Assim que a corrida acabou, ainda no calor da emoção, a equipe do Parabólica dimensionou a grandiosidade do feito e ressaltou o quão “brasileiro” havia se tornado Lewis Hamilton a partir daquele momento, como ficou claro nesse texto, nesse outro, nesse aqui e também nesse). Não demorou para que o mundo da política também notasse e o assunto, por mais inusitado que pudesse parecer, entrasse na pauta do dia no Congresso Nacional.
O título da temporada de 2021 não veio, mas a parte mais marcante da campanha daquele ano rendeu ao menos outro título ao britânico: o de Cidadão Honorário da República Federativa do Brasil. A cerimônia de entrega da honraria, com direito a Câmara lotada e aclamação do público brasileiro, marca a poética redenção daquele que já se viu no papel de vilão e conseguiu se colocar na posição do herói perante a audiência.
Após receber a homenagem, Hamilton foi conhecer ativistas negros brasileiros que o esperavam na Embaixada Britânica. Os escutou, apoiou suas causas e incentivou. Jornada inversa à de outro piloto brasileiro, patriota de ocasião, que insiste em riscar a própria biografia ao se fazer ser voz e rosto do obscurantismo, da truculência, do ódio e da vioência. O ex-ídolo que se cansou de ser um típico anti-herói e resolveu, conscientemente, dar uma guinada em seu papel e ser o vilão - para mantermos a analogia teatral.

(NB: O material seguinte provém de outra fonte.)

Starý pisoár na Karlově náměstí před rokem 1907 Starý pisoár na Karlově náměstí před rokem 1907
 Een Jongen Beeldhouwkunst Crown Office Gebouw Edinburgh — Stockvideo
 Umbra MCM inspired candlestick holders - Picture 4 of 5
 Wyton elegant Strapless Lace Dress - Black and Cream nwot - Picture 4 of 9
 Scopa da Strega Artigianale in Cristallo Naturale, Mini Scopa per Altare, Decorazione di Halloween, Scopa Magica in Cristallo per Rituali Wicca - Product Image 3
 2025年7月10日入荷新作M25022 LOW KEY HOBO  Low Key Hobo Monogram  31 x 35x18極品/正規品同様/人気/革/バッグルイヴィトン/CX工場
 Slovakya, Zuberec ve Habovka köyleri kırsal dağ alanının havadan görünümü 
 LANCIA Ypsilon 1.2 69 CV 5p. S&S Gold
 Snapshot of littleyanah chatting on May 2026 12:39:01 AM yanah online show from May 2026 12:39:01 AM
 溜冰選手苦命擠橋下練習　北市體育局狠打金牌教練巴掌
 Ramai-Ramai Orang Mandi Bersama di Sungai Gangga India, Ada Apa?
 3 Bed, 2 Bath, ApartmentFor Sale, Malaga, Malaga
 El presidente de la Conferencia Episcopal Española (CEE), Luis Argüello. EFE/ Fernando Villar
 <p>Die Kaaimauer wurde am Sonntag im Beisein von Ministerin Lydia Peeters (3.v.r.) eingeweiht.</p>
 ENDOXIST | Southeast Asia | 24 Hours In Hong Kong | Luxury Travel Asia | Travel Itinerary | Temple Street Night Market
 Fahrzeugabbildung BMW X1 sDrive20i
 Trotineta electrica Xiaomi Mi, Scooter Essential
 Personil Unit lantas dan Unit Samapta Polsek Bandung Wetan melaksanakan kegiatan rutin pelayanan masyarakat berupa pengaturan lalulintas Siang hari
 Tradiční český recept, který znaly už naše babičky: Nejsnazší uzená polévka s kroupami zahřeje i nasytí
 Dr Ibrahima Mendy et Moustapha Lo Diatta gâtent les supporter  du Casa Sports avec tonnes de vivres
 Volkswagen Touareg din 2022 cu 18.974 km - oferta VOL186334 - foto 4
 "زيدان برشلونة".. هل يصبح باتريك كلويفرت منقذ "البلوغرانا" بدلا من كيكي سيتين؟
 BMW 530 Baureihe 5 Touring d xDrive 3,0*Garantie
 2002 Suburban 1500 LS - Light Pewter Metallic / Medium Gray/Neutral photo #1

Hamilton, é claro, não conhece a fundo o Brasil e suas complexidades mil. Mas, talvez de forma inconsciente, aquele que “não vem ao Brasil nem para passar férias” fez mais pela nossa bandeira com um simples gesto em um evento esportivo do que aqueles que se dizem patriotas fizeram nos últimos anos. Em um dia que já entrou para história, um inglês nos lembrou que o verde e amarelo também podem significar superação, emoção e diversidade. E, só por isso, já é um grande brasileiro.